In the book, some of the things that I learned more about were:

  • Black hole head death. Which is “if you tried to picture Graham’s number in your head, then your head would collapse to form a black hole.”
  • Tree(3) — I am still not exactly sure why it is less than infinity, but I found some math articles to clarify that, but they were over my head. He did not explain that good enough for me. I guess it has to do with Kruskal’s tree theorem.
  • Where the name Fibonacci came from. That was not his real name.

In trying to explain how there are different levels of infinity, we learn about different sets. There are countable infinities, and then there are uncountable infinities. These concepts drove Georg Cantor mad.

Sometimes, the topics discussed seemed disconnected. For example, in the chapter on Infinity, he ends up talking about String Theory. I am not quite sure how he ended up there from the concept of infinity.

He changed the story of Schroedinger’s cat to be one of the Queen of England’s Corgi dogs. I found that to be a little odd.

It was an interesting read, but he does go off into tangents about the holographic universe, but that is his thing, so just be wary of the loose and strange connections he makes.

Here’s Looking at Euclid

Took me several months to finish this one, and I finally did a couple weeks ago. I particularly liked Chapter 4 the Life of Pie and Chapter 7, Secrets of Succession.

I’ve always like how pi has digits that go on forever, since it is an irrational number. The Secrets of Succession chapter covers sequences of numbers. It mentions the Online Encyclopedia of Integer Sequences, which I had never heard of before. For example, the Fibonacci sequence has many notes, while other sequences are not as full.

I am reading another book that connects numbers with physics, and I learned that Fibonacci was not his real name. “The man’s full name was Leonardo of Pisa, or Leonardo Pisano in Italian. He was born in about 1175 in Pisa, a Tuscan town famous for its Leaning Tower. The name Fibonacci [pronounced fib-on-ach-ee] is short for ‘filius Bonacci’ or ‘son of Bonacci.’”

Overall, if someone is mathematically inclined, it is a fun read.

Is God a Mathematician? – The book doesn’t answer that question

I recently read the book, Is God a Mathematician by Mario Livio. I picked it up at the JeffCo Libraries Whale of a Book Sale. I figured the book would not answer the question posed by the title, but I thought it would talk a little bit more about logical proofs for or against an all powerful being. In a way, I am glad that it did not do that. It was mostly on the question, is mathematics invented, or is it discovered?

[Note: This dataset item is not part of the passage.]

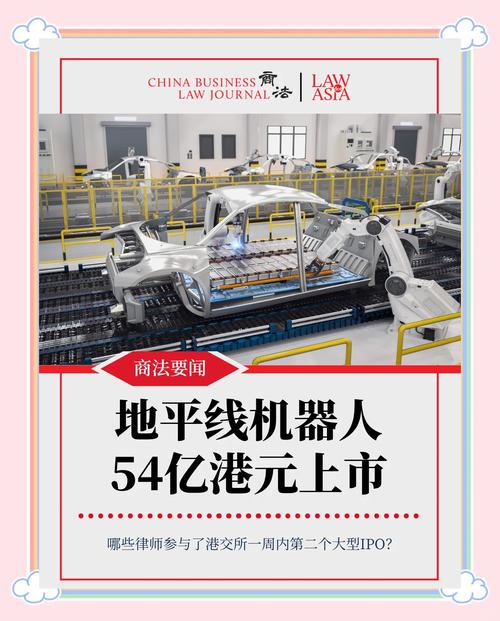 地平线机器人官网招聘-第1张图片-广州国自机器人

My favorite chapter was probably chapter 5 on statistics and probability. I learned a little bit more about how games of chance helped influence mathematical thought. They discussed games of chance on pages 138-140, but it was involving dice. I thought that card games influenced mathematical thinkers more when it came to chance and probability of winning various hands of cards. That didn’t seem to come up in the book.

I guess I am on the side of the fence for mathematics being discovered. I think that prime numbers and the number pi exist with or without human involvement. It is just up to us to find them in the world of mathematics. But, math is more than just numbers, it also involves concepts such as functions, and algebraic concepts of unkowns in formulas. There is a lot of math in physical concepts such as waves of light or the Navier-Stokes equations in fluid dynamics. That math would still exist even if we did not find them. Other intelligent life forms would probably also know about pi, prime numbers, the speed of light in a vacuum, E = mc2, and the Navier-Stokes equations.

However, we can invent different ways to communicate the concepts of mathematics, just as calculus can be communicated using different terminology. So, the way to communicate mathematics can be invented.

Anyway, it was a good book. It was not earthshaking, and it did not answer the main question in the title, but it was an interesting read.